X_valid = tf.constant(X_valid, dtype=tf.int64)
y_valid = tf.constant(y_valid, dtype=tf.int64)
valid_data = tf.data.Dataset.from_tensor_slices((X_valid, y_valid)).shuffle(128).batch(128) # .shuffle(128).batch(128) Must use for Tensor to understand

X_test = tf.constant(X_test, dtype=tf.int64)
y_test = tf.constant(y_test, dtype=tf.int64)
test_data = tf.data.Dataset.from_tensor_slices((X_test, y_test)).shuffle(128).batch(128)

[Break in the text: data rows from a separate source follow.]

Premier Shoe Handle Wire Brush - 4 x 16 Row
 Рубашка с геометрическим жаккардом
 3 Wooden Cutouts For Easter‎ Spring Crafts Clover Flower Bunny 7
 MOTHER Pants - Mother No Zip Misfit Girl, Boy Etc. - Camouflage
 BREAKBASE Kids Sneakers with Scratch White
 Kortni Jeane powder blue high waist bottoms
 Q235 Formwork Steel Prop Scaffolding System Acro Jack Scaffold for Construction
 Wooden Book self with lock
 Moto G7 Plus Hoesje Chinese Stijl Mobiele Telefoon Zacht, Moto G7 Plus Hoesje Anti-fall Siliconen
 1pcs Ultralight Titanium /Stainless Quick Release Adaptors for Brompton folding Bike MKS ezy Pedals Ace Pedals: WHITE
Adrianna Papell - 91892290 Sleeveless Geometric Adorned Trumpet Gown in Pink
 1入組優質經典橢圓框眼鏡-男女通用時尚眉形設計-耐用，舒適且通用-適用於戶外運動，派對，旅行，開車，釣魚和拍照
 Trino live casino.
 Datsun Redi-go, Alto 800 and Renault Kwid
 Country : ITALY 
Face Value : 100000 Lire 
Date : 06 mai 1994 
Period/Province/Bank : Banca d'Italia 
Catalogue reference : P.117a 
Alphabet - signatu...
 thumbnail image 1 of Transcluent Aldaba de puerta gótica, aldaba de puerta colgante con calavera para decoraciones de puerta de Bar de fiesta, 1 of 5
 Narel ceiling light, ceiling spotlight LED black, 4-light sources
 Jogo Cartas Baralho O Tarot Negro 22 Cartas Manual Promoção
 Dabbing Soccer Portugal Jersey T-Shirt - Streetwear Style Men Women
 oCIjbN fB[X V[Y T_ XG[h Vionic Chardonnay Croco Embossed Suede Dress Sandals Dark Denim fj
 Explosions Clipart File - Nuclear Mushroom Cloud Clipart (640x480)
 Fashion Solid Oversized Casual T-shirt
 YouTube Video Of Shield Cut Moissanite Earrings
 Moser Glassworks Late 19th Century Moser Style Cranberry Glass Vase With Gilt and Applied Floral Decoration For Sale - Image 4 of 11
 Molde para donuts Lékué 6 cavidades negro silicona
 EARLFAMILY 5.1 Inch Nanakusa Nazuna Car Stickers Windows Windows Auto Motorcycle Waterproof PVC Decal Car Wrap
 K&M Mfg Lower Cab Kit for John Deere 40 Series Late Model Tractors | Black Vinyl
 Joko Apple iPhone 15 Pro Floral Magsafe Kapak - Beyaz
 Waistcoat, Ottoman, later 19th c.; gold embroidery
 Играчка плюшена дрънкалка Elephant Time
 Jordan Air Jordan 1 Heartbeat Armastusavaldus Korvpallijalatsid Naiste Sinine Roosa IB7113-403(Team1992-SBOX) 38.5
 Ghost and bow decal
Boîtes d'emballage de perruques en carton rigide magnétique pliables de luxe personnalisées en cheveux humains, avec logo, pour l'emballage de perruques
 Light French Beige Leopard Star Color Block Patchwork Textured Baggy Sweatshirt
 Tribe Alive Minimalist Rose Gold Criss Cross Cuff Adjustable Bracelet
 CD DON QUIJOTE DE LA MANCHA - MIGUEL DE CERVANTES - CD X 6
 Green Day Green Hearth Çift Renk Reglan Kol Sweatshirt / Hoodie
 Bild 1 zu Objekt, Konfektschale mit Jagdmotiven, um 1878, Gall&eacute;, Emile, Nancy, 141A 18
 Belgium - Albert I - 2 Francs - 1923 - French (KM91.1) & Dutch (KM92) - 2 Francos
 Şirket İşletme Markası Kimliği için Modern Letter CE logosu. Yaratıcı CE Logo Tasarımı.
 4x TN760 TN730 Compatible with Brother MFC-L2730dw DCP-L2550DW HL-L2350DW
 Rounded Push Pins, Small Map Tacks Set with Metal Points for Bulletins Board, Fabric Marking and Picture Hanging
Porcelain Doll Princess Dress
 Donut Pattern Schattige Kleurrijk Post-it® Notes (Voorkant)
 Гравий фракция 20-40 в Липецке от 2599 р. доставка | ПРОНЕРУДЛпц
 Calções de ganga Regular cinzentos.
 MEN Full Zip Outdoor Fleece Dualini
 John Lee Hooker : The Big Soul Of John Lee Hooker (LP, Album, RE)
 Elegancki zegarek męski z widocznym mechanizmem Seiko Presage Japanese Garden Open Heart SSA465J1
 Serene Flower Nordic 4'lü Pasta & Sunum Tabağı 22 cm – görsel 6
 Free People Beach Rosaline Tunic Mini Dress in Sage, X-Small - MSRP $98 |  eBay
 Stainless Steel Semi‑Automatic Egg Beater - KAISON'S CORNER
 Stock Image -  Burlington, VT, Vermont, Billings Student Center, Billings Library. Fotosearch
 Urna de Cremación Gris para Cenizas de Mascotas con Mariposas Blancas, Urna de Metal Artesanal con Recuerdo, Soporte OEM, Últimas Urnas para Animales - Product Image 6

<BatchDataset shapes: ((None, 50), (None,)), types: (tf.int64, tf.int64)>
<BatchDataset shapes: ((None, 50), (None,)), types: (tf.int64, tf.int64)>
<BatchDataset shapes: ((None, 50), (None,)), types: (tf.int64, tf.int64)>


# Model and Layers

In [33]:
model = tf.keras.Sequential() # Setting up the model
model.add(tf.keras.layers.Embedding(len(tokenizer.word_index)+5, 100)) # Adds the embedding the layer into the model ( for "(len(tokenizer.word_index)+5, 100))" changing 100 to 1 will squish your data and get poorer results, while expanding to can improve but at a performance costs )
model.add(tf.keras.layers.LSTM(100, activation ='relu', return_sequences= False, recurrent_dropout = 0.1)) # Adds LSTM layer into the model. Recurrent_dropout = Float between 0 and 1. Fraction of the units to drop for the linear transformation of the recurrent state (so it drops nodes after each iteration, i think)
model.add(tf.keras.layers.Dense(1, activation='sigmoid')) # Adds Densely-connected Neural Network layer into the model. Only one node is needed because the sigmoid smooths the outputs from zero to one.
print(model.summary()) # prints out summary of the embedded words size and other information on the parameteres. (Note: the larger the Param (a.k.a. unquie words it can store) the longer it takes to train.)

4924
Model: "sequential_5"
_________________________________________________________________
Layer (type)                 Output Shape              Param #   
embedding_5 (Embedding)      (None, None, 100)         492900    
_________________________________________________________________
lstm_5 (LSTM)                (None, 100)               80400     
_________________________________________________________________
dense_5 (Dense)              (None, 1)                 101       
Total params: 573,401
Trainable params: 573,401
Non-trainable params: 0
_________________________________________________________________
None


In [34]:
model.compile(optimizer='adam', loss='binary_crossentropy', metrics=['accuracy']) # Compile the layers with certain setting we give it. 'adam' is an overall pretty good optimizer. 
                                                                                  # Binary_Crossentropy is a good loss function for this project because we have binary labels (and in a way, data)
history = model.fit(train_data, validation_data=valid_data, epochs=25, verbose=1) # Model Training. Validation Data will help counter overfitting to a point. 
                                                                                  # Careful with how many epochs used (find a sweet spot)

Epoch 1/25
Epoch 2/25
Epoch 3/25
Epoch 4/25
Epoch 5/25
Epoch 6/25
Epoch 7/25
Epoch 8/25
Epoch 9/25
Epoch 10/25
Epoch 11/25
Epoch 12/25
Epoch 13/25
Epoch 14/25
Epoch 15/25
Epoch 16/25
Epoch 17/25
Epoch 18/25
Epoch 19/25
Epoch 20/25
Epoch 21/25
Epoch 22/25
Epoch 23/25
Epoch 24/25
Epoch 25/25


In [36]:
# Running the Test data
results = model.evaluate(X_test, y_test, batch_size=128) # Prints out the results

# Print out the results
for name, value in zip(model.metrics_names, results): # Prints out the same results without the progress bar
  print("%s: %.3f" % (name, value))

loss: 0.503
accuracy: 0.860


In [0]:
# Save weights
# model.save_weights('Good_weights.h5', overwrite=True) # un-hastag if the accuracy is above 86% (loss: 0.503) 
                                                        # Need to balance the training data (and maybe oversample) in order to break the 90%